- Opening Delimiter -
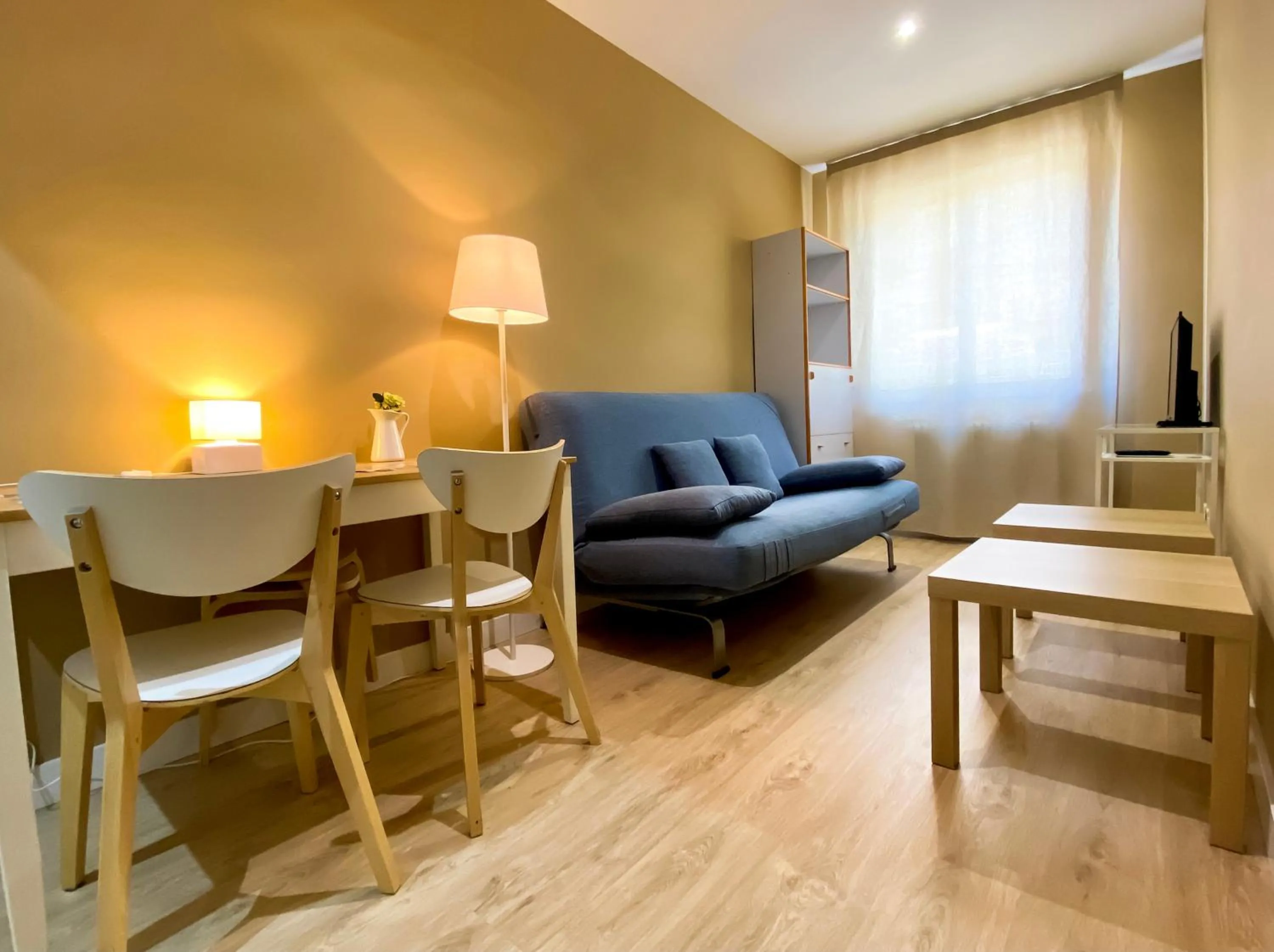 Living room in Casablanca Hotel Studios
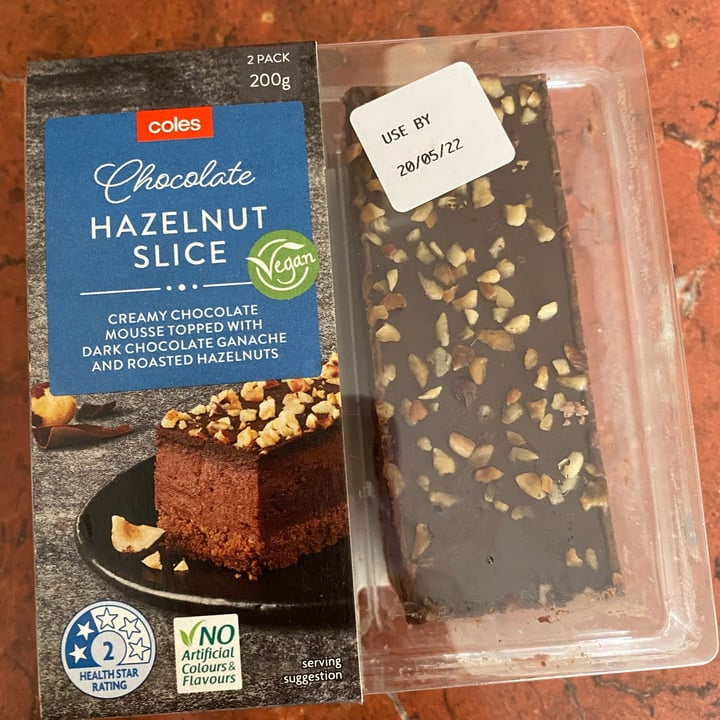 Coles Chocolate hazelnut slice Review abillion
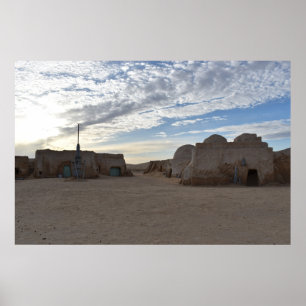 Poster de Mos Espa sur la planète Tatooine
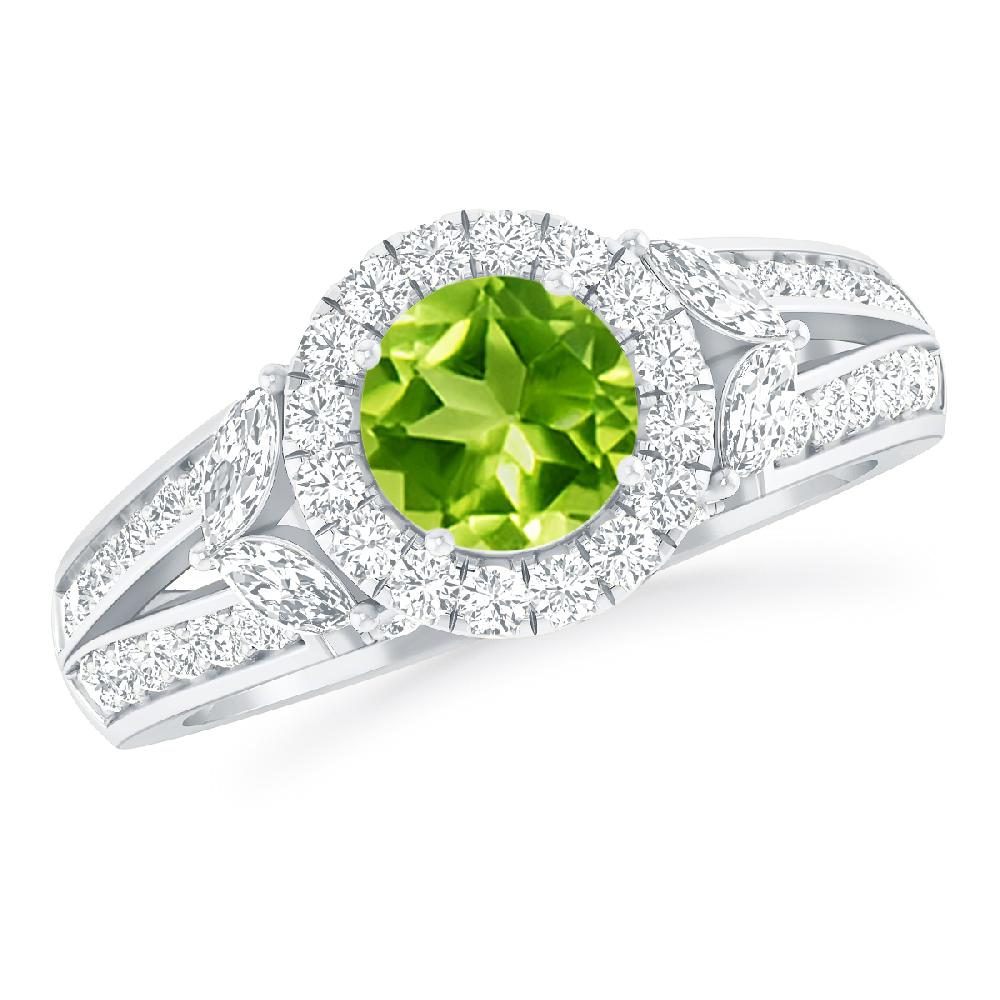 White Gold - Peridot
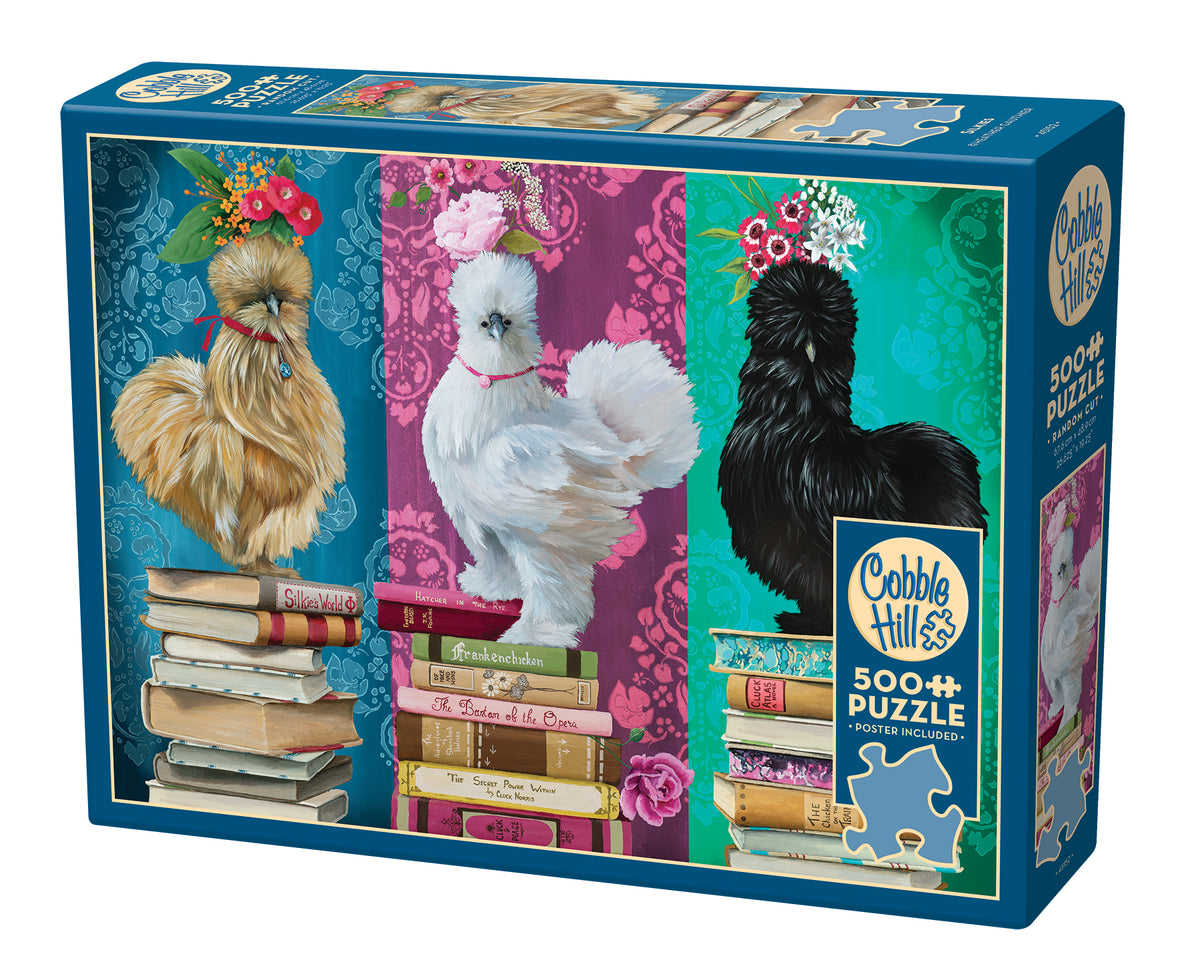 ボブルス　セット(ゾウ・チキン・アリクイ) Silkies | 500 piece — USA Cobble Hill Puzzles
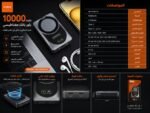 ⁦باور بانك لاسلكي من MOXOM 10000mAh⁩ - الصورة ⁦3⁩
- Closing Delimiter -
» **Task to complete**
Exact copy, no pictures: reproduce every record above.

» **Response to the exercise**
 Living room in Casablanca Hotel Studios
 Coles Chocolate hazelnut slice Review abillion
 Poster de Mos Espa sur la planète Tatooine
 White Gold - Peridot
 ボブルス　セット(ゾウ・チキン・アリクイ) Silkies | 500 piece — USA Cobble Hill Puzzles
 ⁦باور بانك لاسلكي من MOXOM 10000mAh⁩ - الصورة ⁦3⁩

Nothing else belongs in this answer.